Bayes based classifiers showed inferior results to AdaBoost, we haven’t performed much analysis on the feature distribution (which is actually our future work and will be done in an upcoming paper). To our understanding, these both classifiers are suitable for discrete data such as counts and we ran experiments on both binary features as well as counts to give best settings for each of the classifiers respectively. However, they still showed inferior results compared to AdaBoost in most of the experiments — beyond the paper scope
To gain further insights into the classes that are associated with fake and real content, we evaluate which classes show significant differences between the two groups of news.
The reflective observation from the experiments leads to the following conclusions: Combinations of different n-gram types obtain better results instead of single n-gram type. Combination of different feature sets with n-grams size 1 to 3 achieved significantly good results as compared with other feature sets.
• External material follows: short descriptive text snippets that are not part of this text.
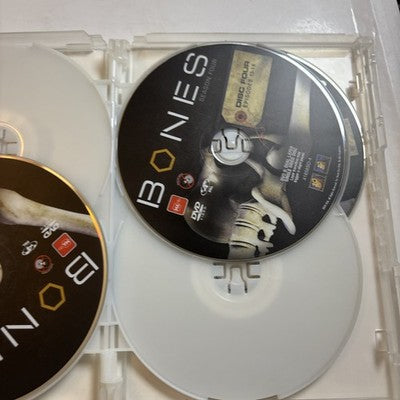 Bones : Season 4 (DVD, 2008) Brendan Fehr, Ryan O'neal, Gina Torres Region 4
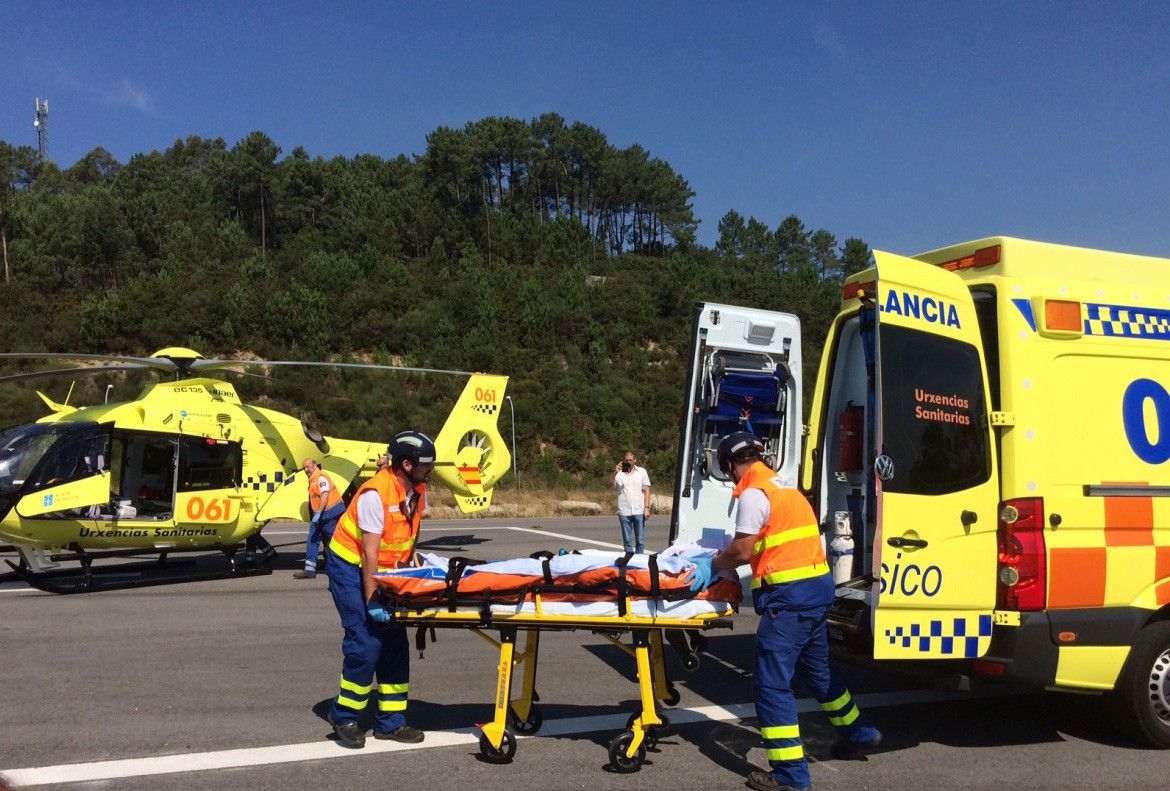Helisuperficie del Hospital de O Salnés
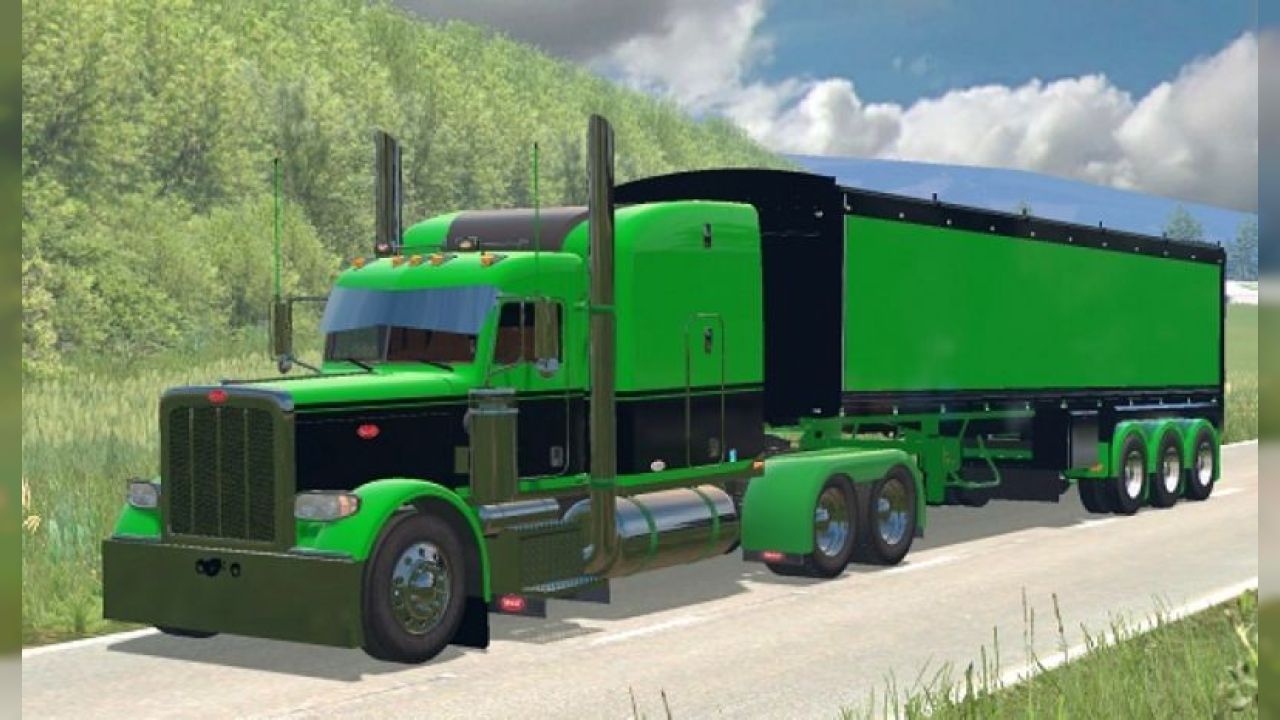 PETERBILT 388/KENWORTH T908/AUSTRALIA TRAILER MULTIFRUIT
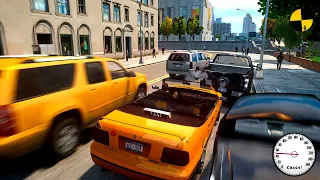 GTA 4 Crazy Taxi Crashes Ep.21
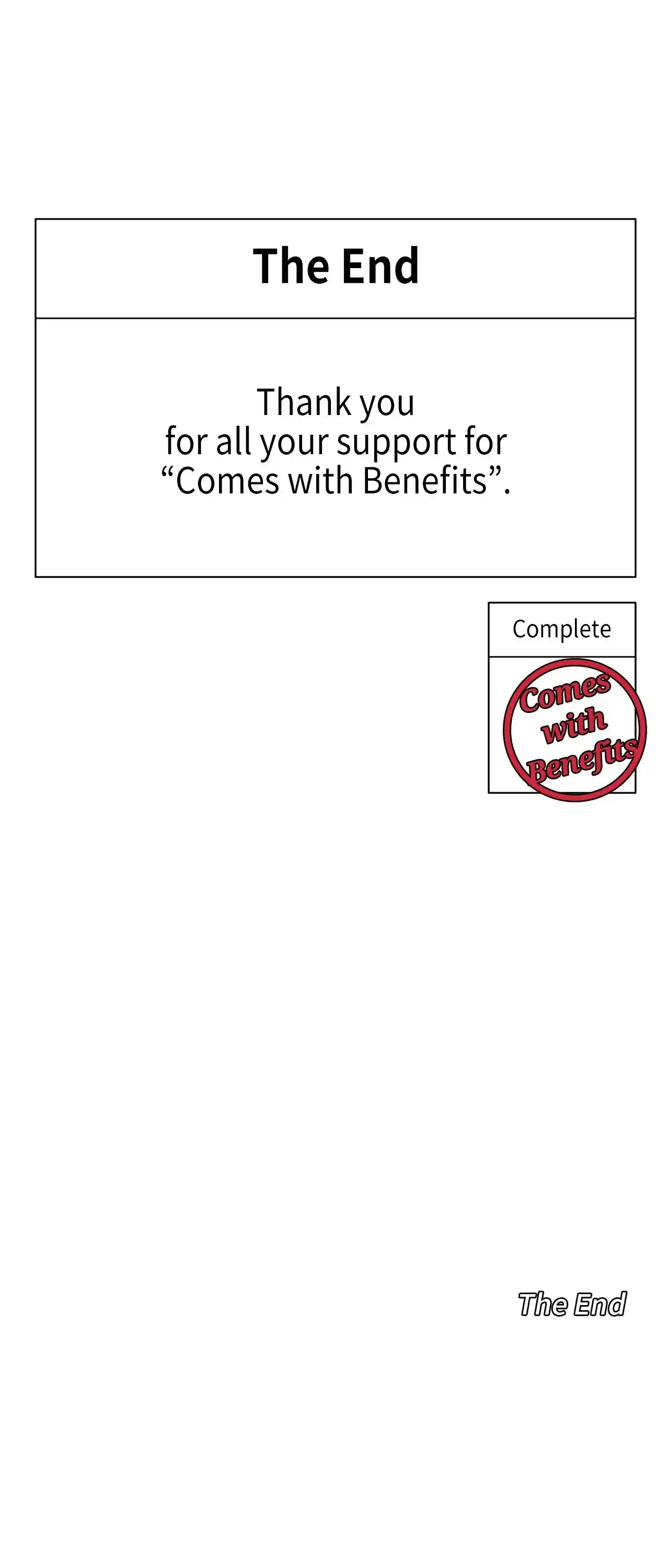 Read Comes With Benefits chapter 40 image 79 on Lezhin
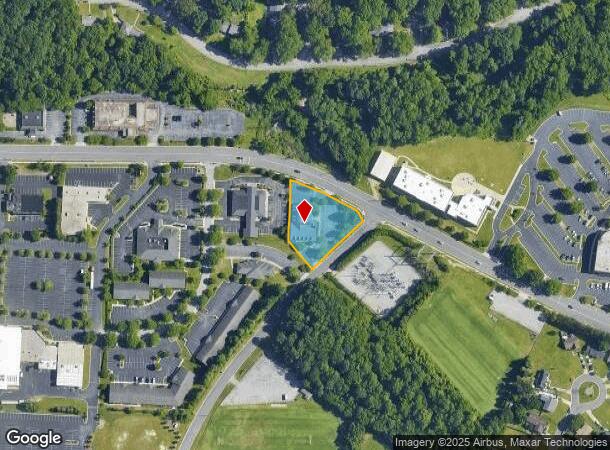  801 Phillips Ave, High Point, NC Parcel Map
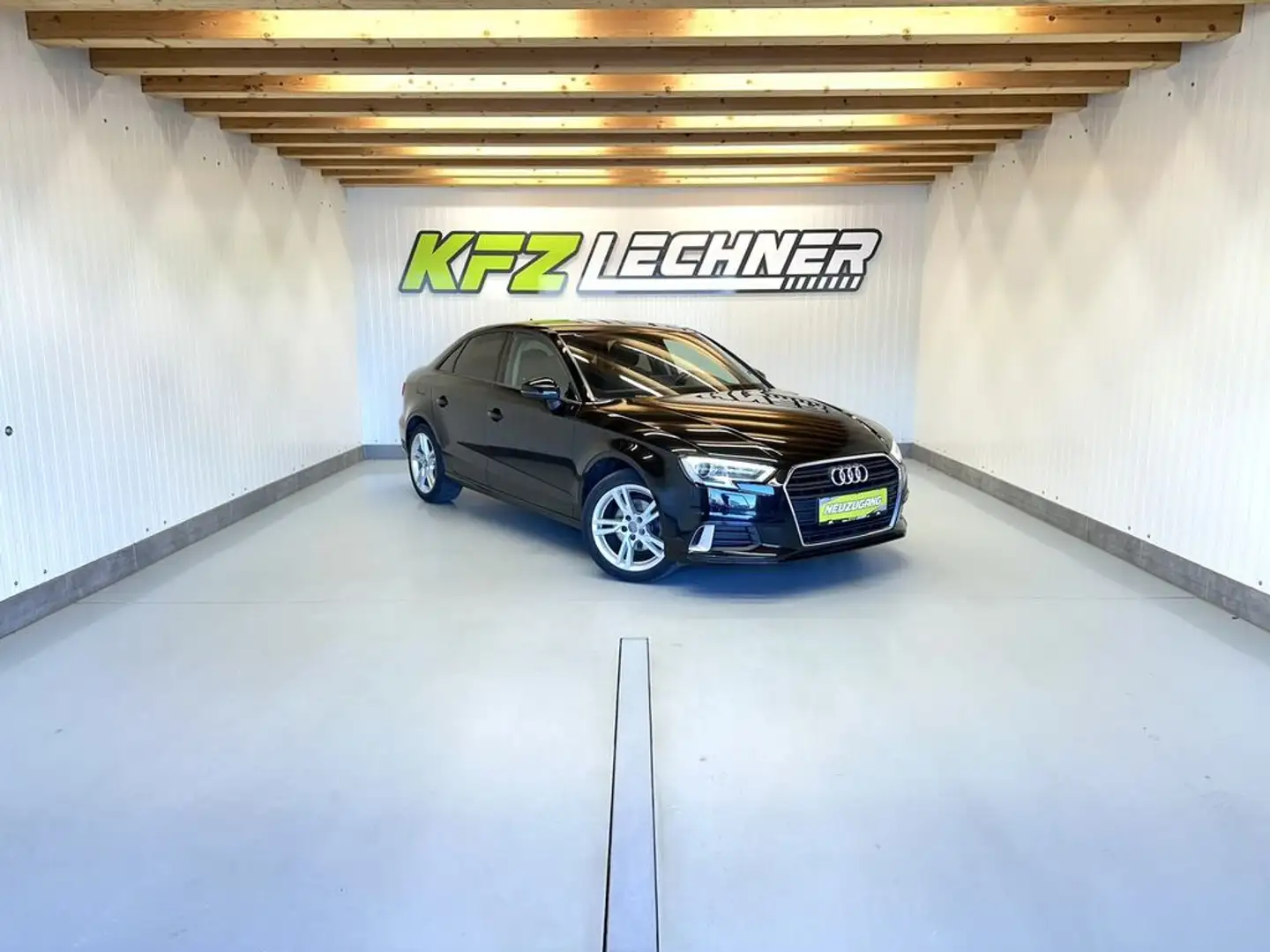 Audi A3 Limo 1,6 TDI ''sport'' XENON*SITZH*TEMP*PDC Schwarz - 1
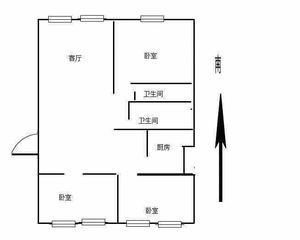 南北通透 檀营小区 3室2厅 精装修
The n-gram size 1,2,3 achieve significantly better results compared with 4,5,6. However, in other languages, higher order n-grams performed well in detecting writing style [13]. Feature sets with n-grams size 4 to 6 dropped the performance of all the classifiers either by combining feature sets or separately. This might be due to the limited dataset size. Adaboost algorithm is 87% percent accurate at detecting whether a news article is fake or not, when combining bi-gram characters and uni-gram function word n-grams.
The paper concludes by arguing that the automatic detection of fake news is a promising area of research. In this research, a new resource for poor resource languages in the form of a dataset in Urdu language is presented and build a model that can correctly prognosticate the likelihood that a given news article is fake news. To our knowledge, this is the first corpus in the Urdu language for fake news detection, extracted from the internet and annotated manually containing real or fake news.
This is an essential contribution to the development of the Urdu corpus. Importantly, we provide statistics of the complete corpus, casts light on vocabulary size, vocabulary overlap and significant findings by the analysis. The present results confirm with the implementation of machine learning classifiers on lexical features BOW, n-grams (with n varying from 1 to 6), and in combination with n-grams methods. Overall, our results demonstrate the broad implication of the present research by obtaining promising results. On this basis, the main conclusion that can be drawn is that the addition of the new Urdu corpus is a particularly fruitful, reliable resource for the further development of fake news detection models.
In the future, we intend to explore whether the system can be adapted to other languages (it was trained exclusively on Urdu) and whether it can be trained to detect region-specific biases. We will also investigate new features to flag fake news.